Scott is not all right.

Ask anyone, and they’ll tell you as much. Hey, ask him.

Oh, it may take a little work. He’ll tell you he doesn’t miss his fireman dad anymore, even though he died on the job when Scott was just 7. Ask Scott about his dreams, and he’ll tell you all about the combo-restaurant-tattoo parlor he hopes to start one day. Ruby Tattoosday? Bound to be a hit.

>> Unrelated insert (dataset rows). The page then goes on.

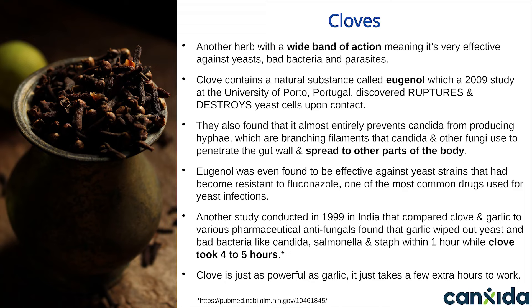Next is cloves. This is another ingredient with a wide band of action, meaning it's effective against yeasts, bad bacteria, and parasites. Clove contains an essential oil called eugenol. According to a 2009 study from the University of Porto in Portugal, eugenol can rupture and destroy yeast cells upon contact. They also found it almost entirely prevents Candida from producing hyphae — tiny branching tubes or tendrils Candida and other yeast use to penetrate the gut wall and spread to other parts of the body.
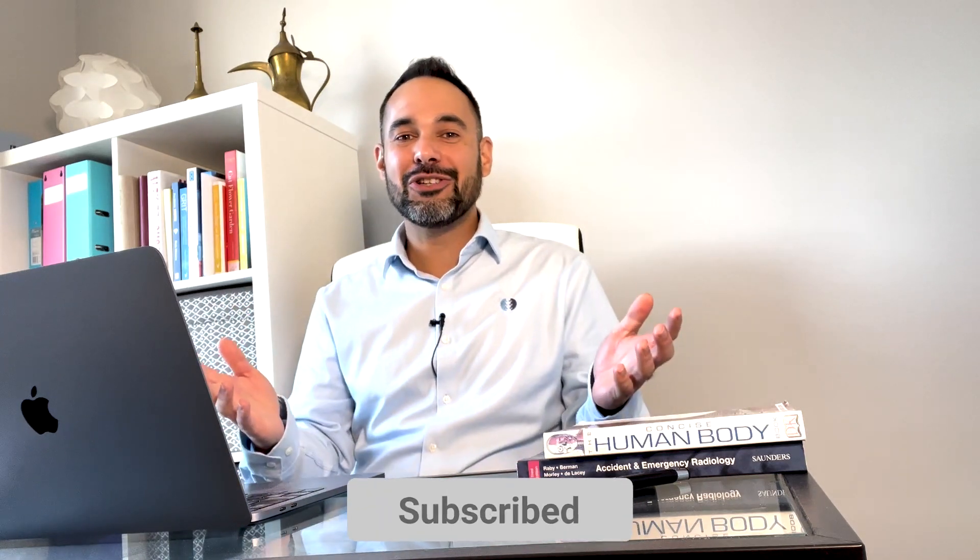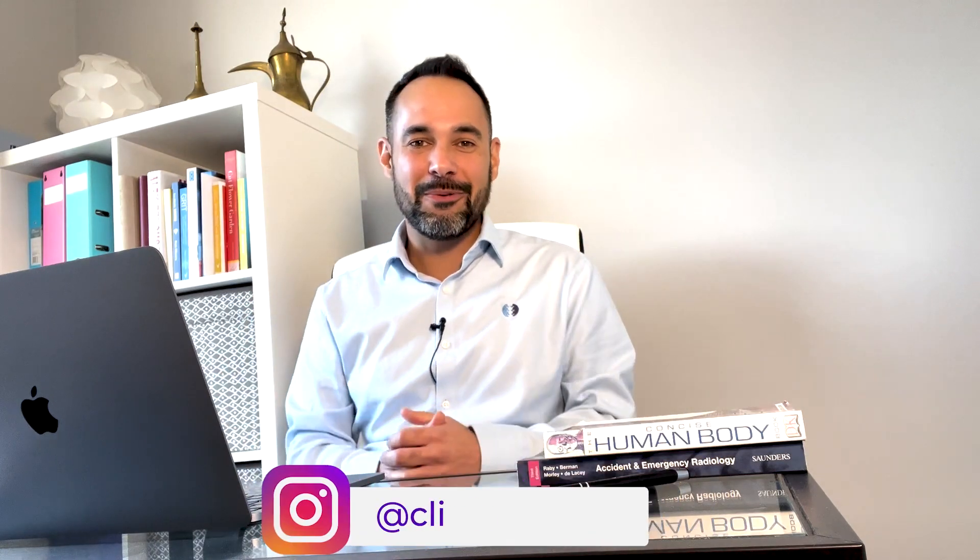Thank you so much for watching today's video and I really hope that it helps you for your patients with de Quervain's tenosynovitis. If you'd like to see more of us at Clinical Physio, subscribe to our YouTube channel or head to our website www.clinicalphysio.com for even more. Thank you so much for joining us today. I'm Khalid Maidan and we'll see you very soon right here on Clinical Physio.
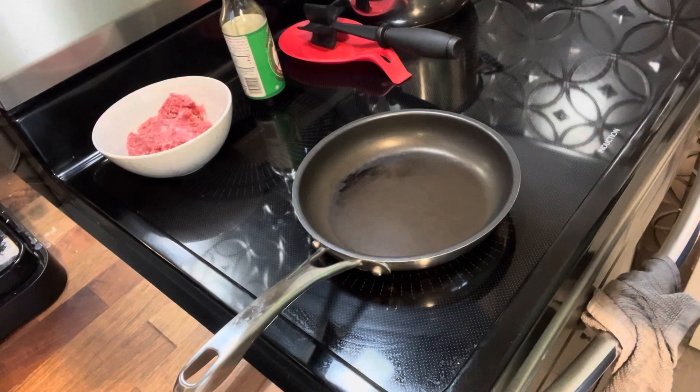Hey everybody, welcome back to Shannon Around the House. We are putting together a real easy school lunch idea today — we are making some Asian beef bowls. This has a starch, a vegetable, and a protein in it, so kind of a three-in-one. Let's get started.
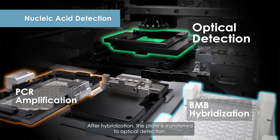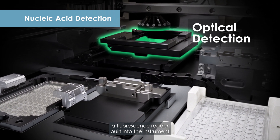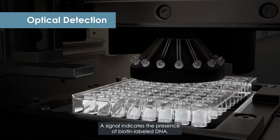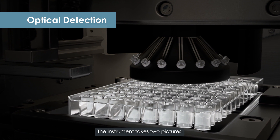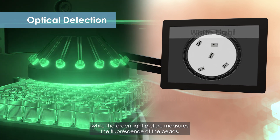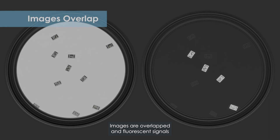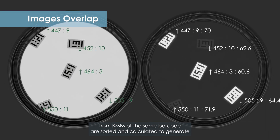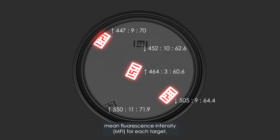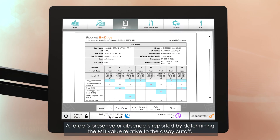After hybridization, the plate is transferred to optical detection. A fluorescence reader built into the instrument detects the fluorescence signal emitted by the SAPE. A signal indicates the presence of biotin-labeled DNA. The instrument takes two pictures: the white light picture identifies the barcodes of the beads, while the green light picture measures the fluorescence of the beads. Images are overlapped, and fluorescent signals from BMBs of the same barcode are sorted and calculated to generate mean fluorescence intensity, MFI, for each target. A target's presence or absence is reported by determining the MFI value relative to the assay cutoff.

And certainly to his friends, with whom Scott smokes weed pretty much all day, every day, the 24-year-old seems perfectly normal. As normal as they are, anyway.

Still, catch Scott in a confessional mood, and he’ll confess.

“There’s something wrong with me,” Scott says. “Like, mentally. I’m not OK up there.”

Buckle up, because Scott’s already fragile psyche is about to take a couple more blows.

First, Scott’s worried younger sister heads off to college, removing a stabilizing influence in his life. It’s just he and his mom now. Then, after Scott tries to give a tattoo to a 9-year-old in the park, the kid’s impressively mustachioed father comes by and screams at both him and his mom. Discomforting.

But then Ray—that angry father, glowering mustache and all—starts dating his mother.

Oh, and here’s the kicker. Ray’s a fireman. Just like his dead dad.

No, Scott is not all right. Not right at all.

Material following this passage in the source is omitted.